• [REQUIRED WORK] Below are lines of records; copy exactly those from the one containing "パンツvs.パンツな「Pan" through the one containing "中国最诗意的小城，藏在三峡之巅", leaving the pictures behind.

• [DATA PROVIDED]
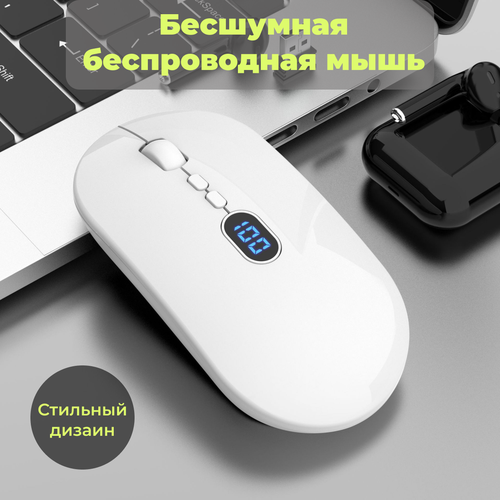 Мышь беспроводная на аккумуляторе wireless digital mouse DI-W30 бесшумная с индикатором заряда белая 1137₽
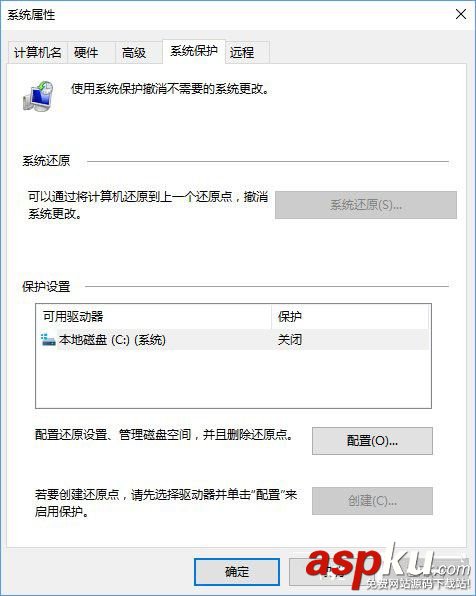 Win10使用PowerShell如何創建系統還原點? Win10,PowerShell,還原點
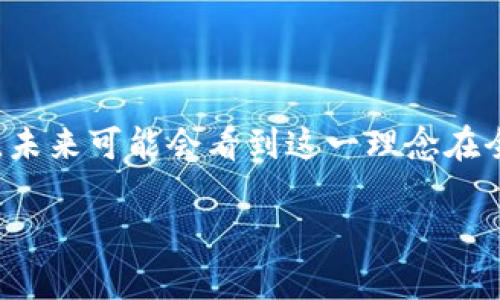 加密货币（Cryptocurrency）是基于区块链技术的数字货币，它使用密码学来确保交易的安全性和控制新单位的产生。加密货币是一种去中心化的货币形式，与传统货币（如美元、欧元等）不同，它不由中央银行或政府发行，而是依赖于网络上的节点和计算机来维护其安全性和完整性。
---
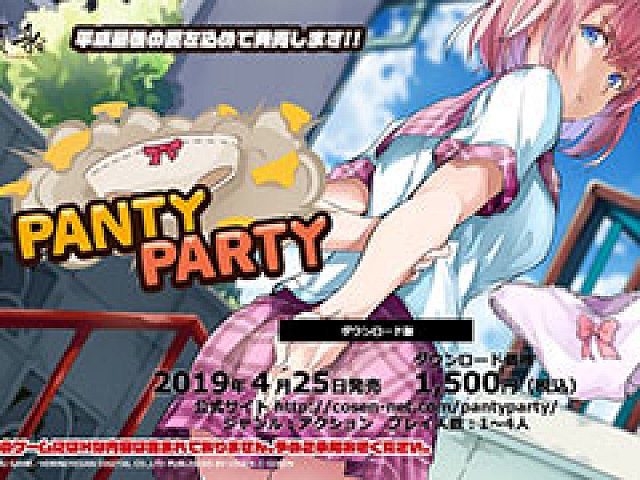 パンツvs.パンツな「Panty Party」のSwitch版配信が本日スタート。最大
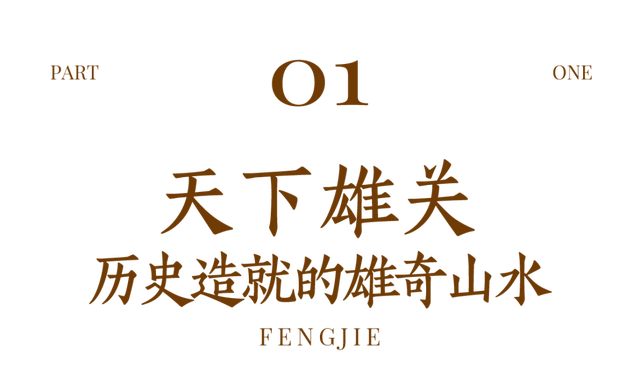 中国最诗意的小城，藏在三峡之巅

• [RESPONSE FOR THIS EXERCISE]
 パンツvs.パンツな「Panty Party」のSwitch版配信が本日スタート。最大
 中国最诗意的小城，藏在三峡之巅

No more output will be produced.